***** Data under study *****

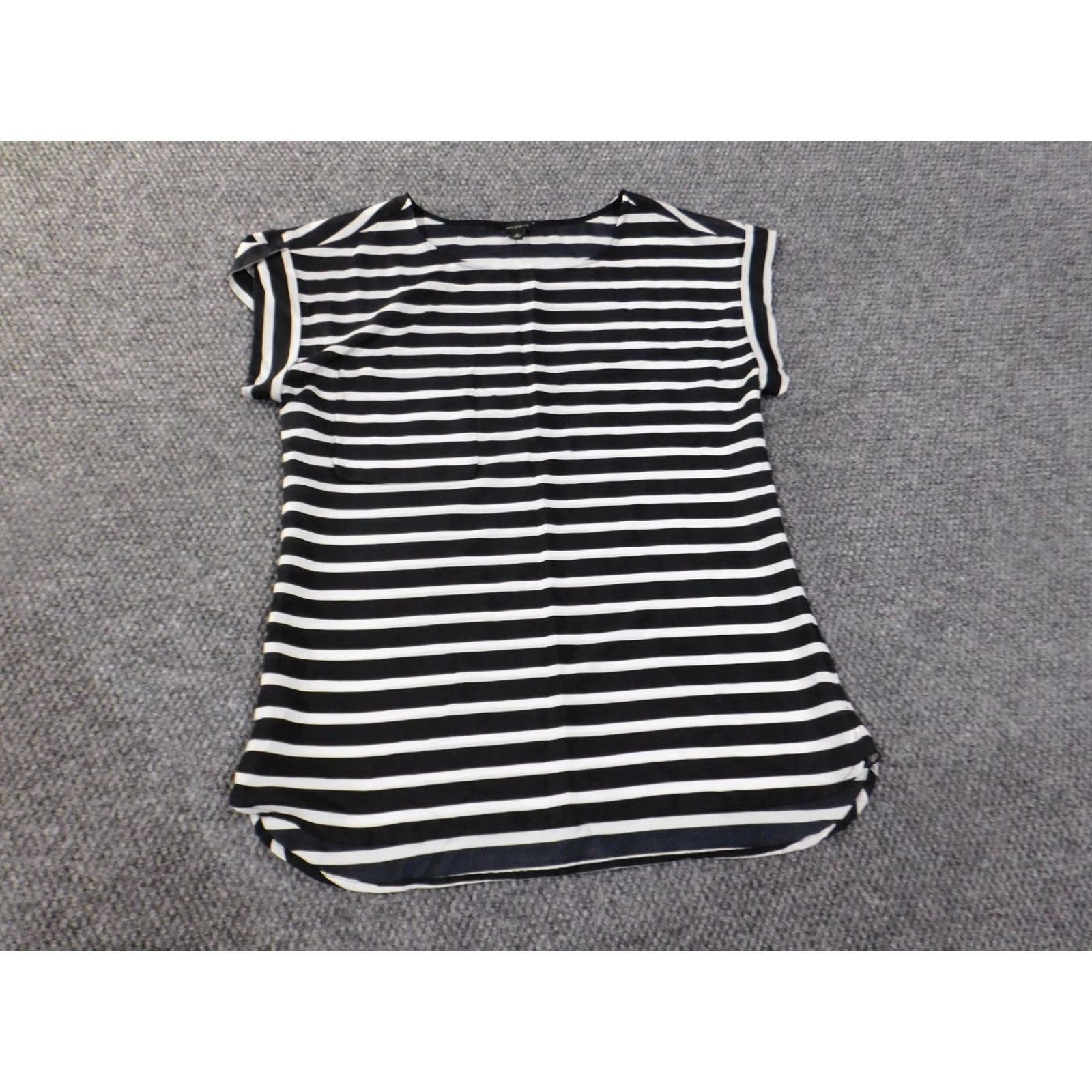 Vintage Ann Taylor top M black striped woven pullover blouse womens Polyester Size M / US 6-8 / IT 42-44 - 2 Thumbnail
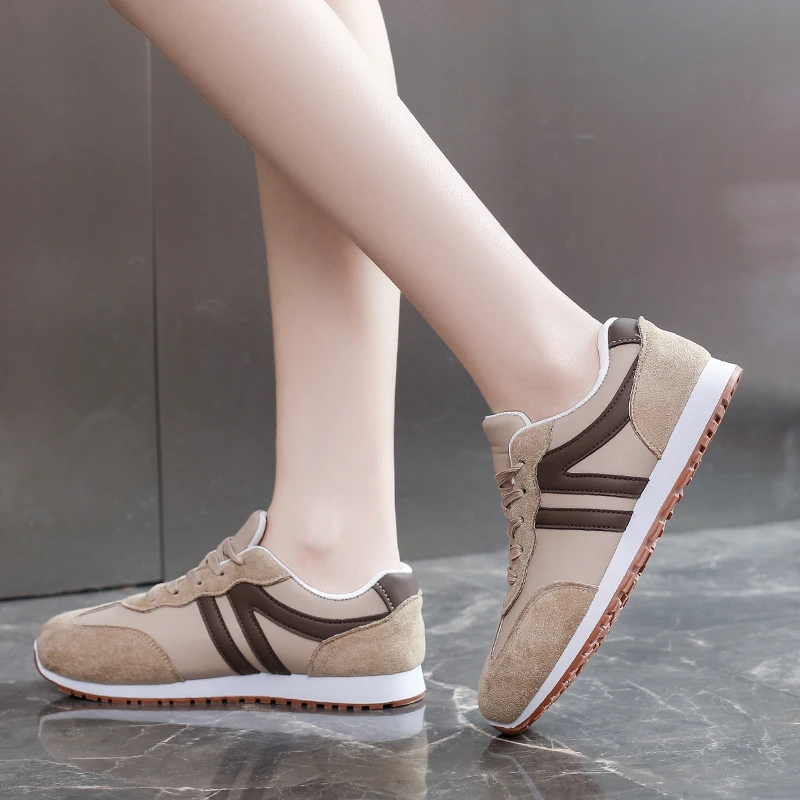 Women's Lightweight Casual Sneakers Fashion Non Slip Lace Up Sports Shoes for Women Striped Pattern Comfortable Walking Shoes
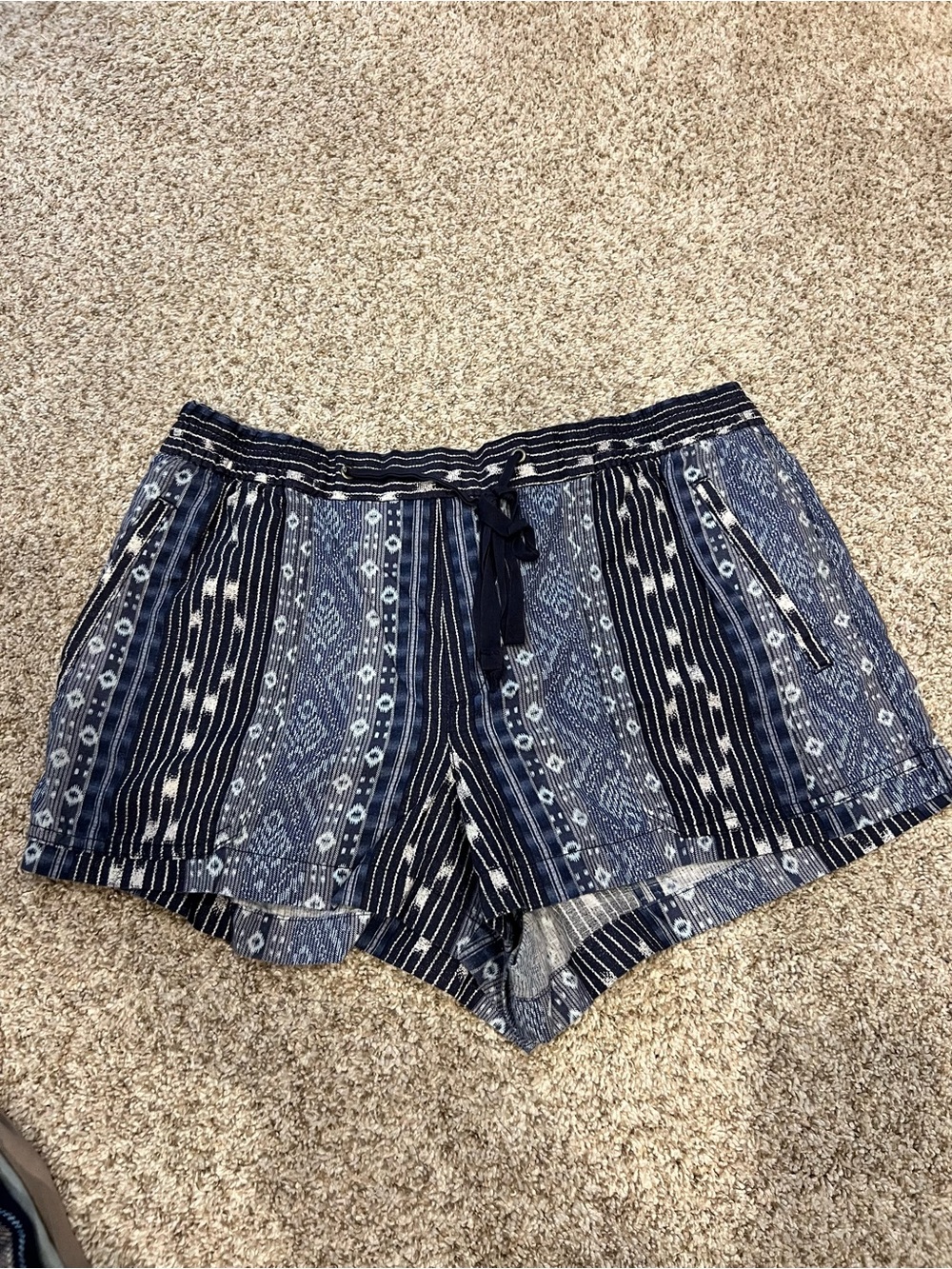 GAP- shorts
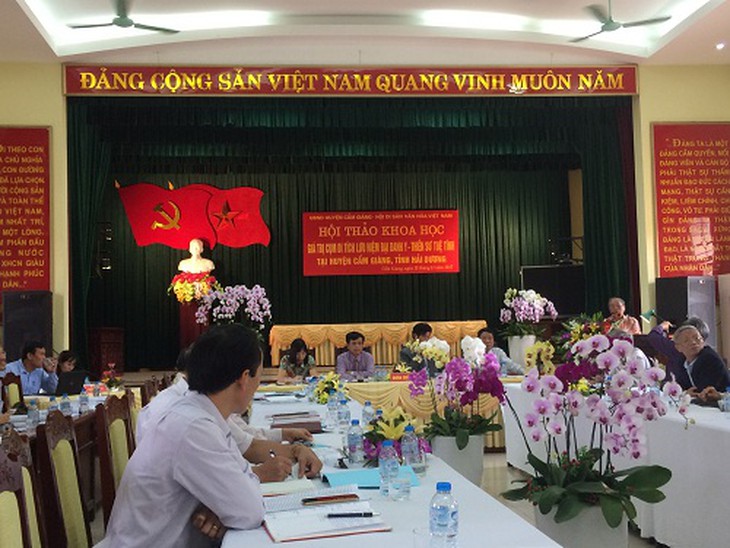 Buổi hội thảo về các giá trị khoa học của cụm di tích thờ Đại danh y Tuệ Tĩnh tại huyện Cẩm Giàng. Ảnh: An Văn Mậu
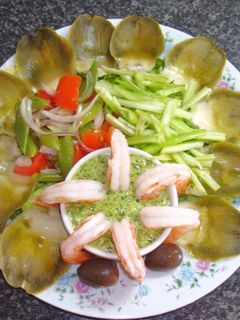 Una foto de Camarones con salsa verde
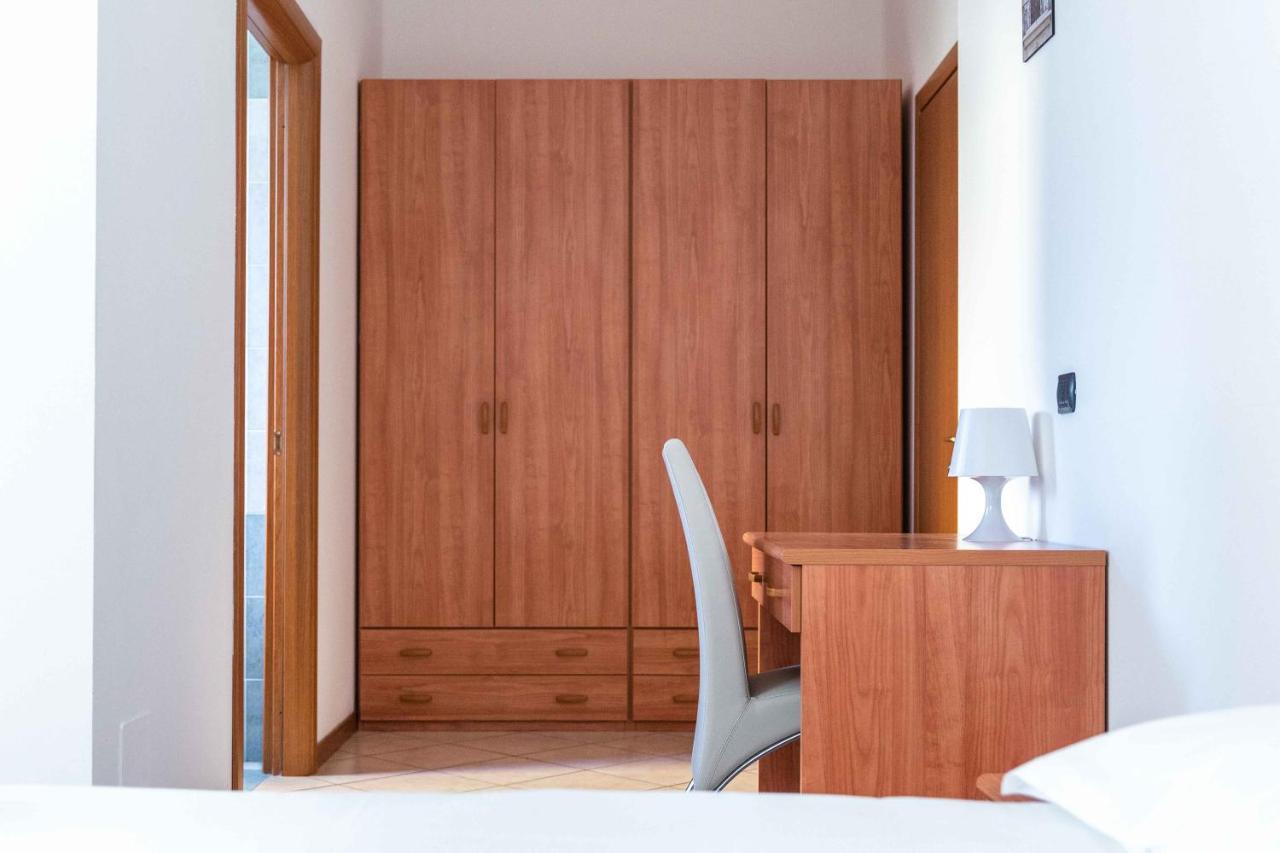 Wayco Rooms Lipomo Esterno foto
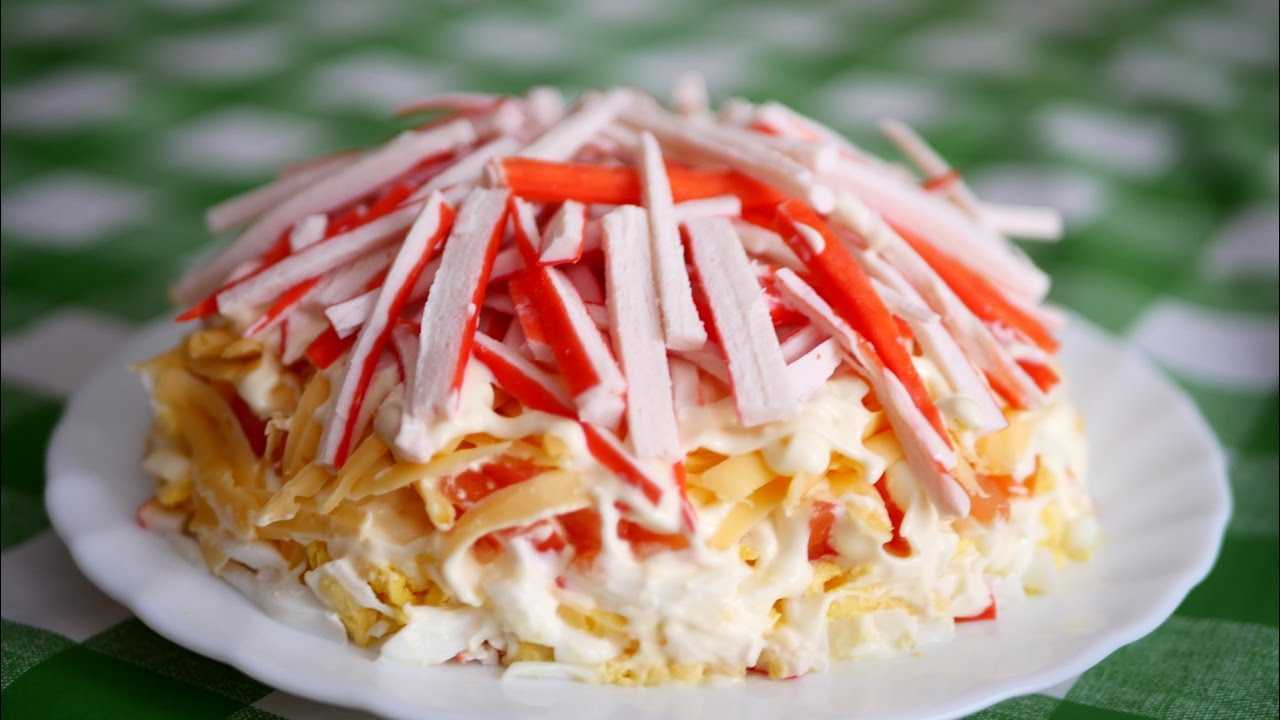 Салат с крабовыми палочками и помидорами: 8 способов приготовить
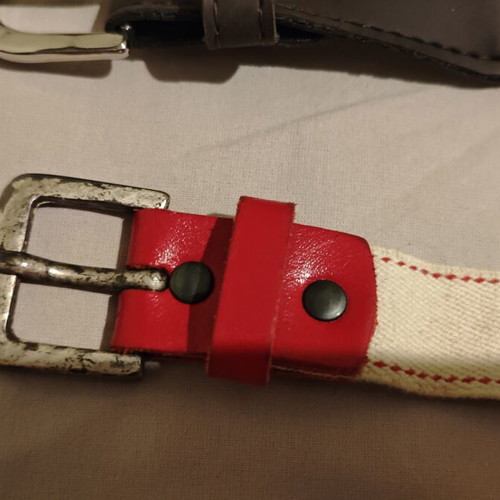 Children's belts set like new, 4 pieces, adjustable elastic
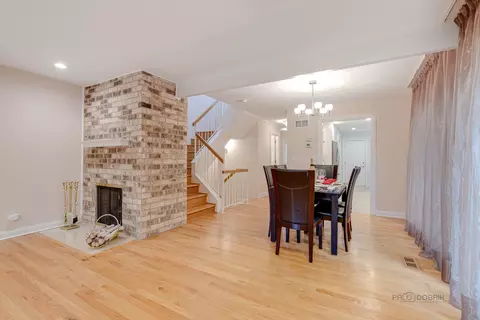 876 Poplar Ln, Deerfield, IL 60015 photo 5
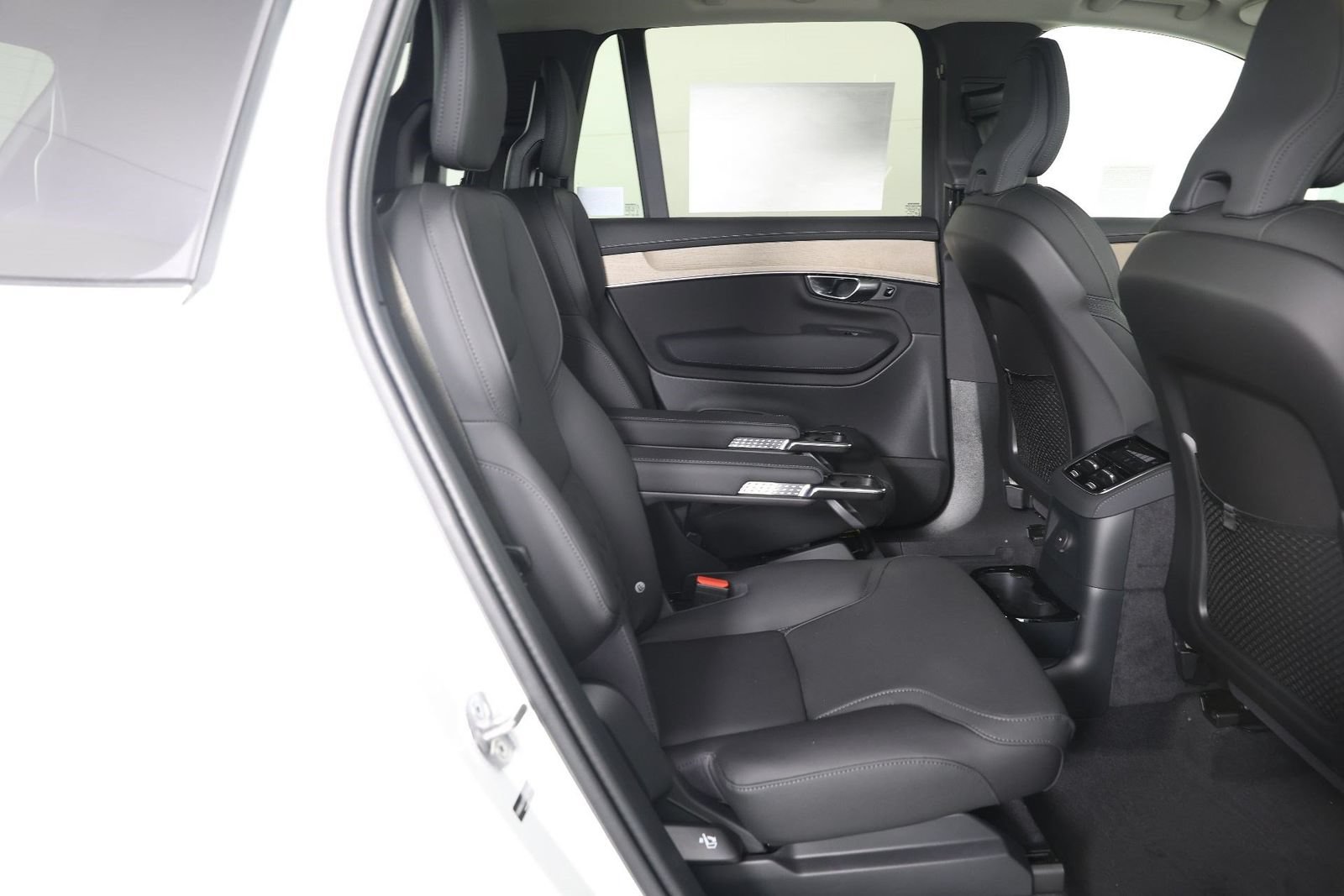 New 2026 Volvo XC90 T8 Plus w/ Protection Package AWD/4WD image 11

*****

--- Work task ---
Omit the images and transcribe all of the records above word for word.

--- Task result ---
 Vintage Ann Taylor top M black striped woven pullover blouse womens Polyester Size M / US 6-8 / IT 42-44 - 2 Thumbnail
 Women's Lightweight Casual Sneakers Fashion Non Slip Lace Up Sports Shoes for Women Striped Pattern Comfortable Walking Shoes
 GAP- shorts
 Buổi hội thảo về các giá trị khoa học của cụm di tích thờ Đại danh y Tuệ Tĩnh tại huyện Cẩm Giàng. Ảnh: An Văn Mậu
 Una foto de Camarones con salsa verde
 Wayco Rooms Lipomo Esterno foto
 Салат с крабовыми палочками и помидорами: 8 способов приготовить
 Children's belts set like new, 4 pieces, adjustable elastic
 876 Poplar Ln, Deerfield, IL 60015 photo 5
 New 2026 Volvo XC90 T8 Plus w/ Protection Package AWD/4WD image 11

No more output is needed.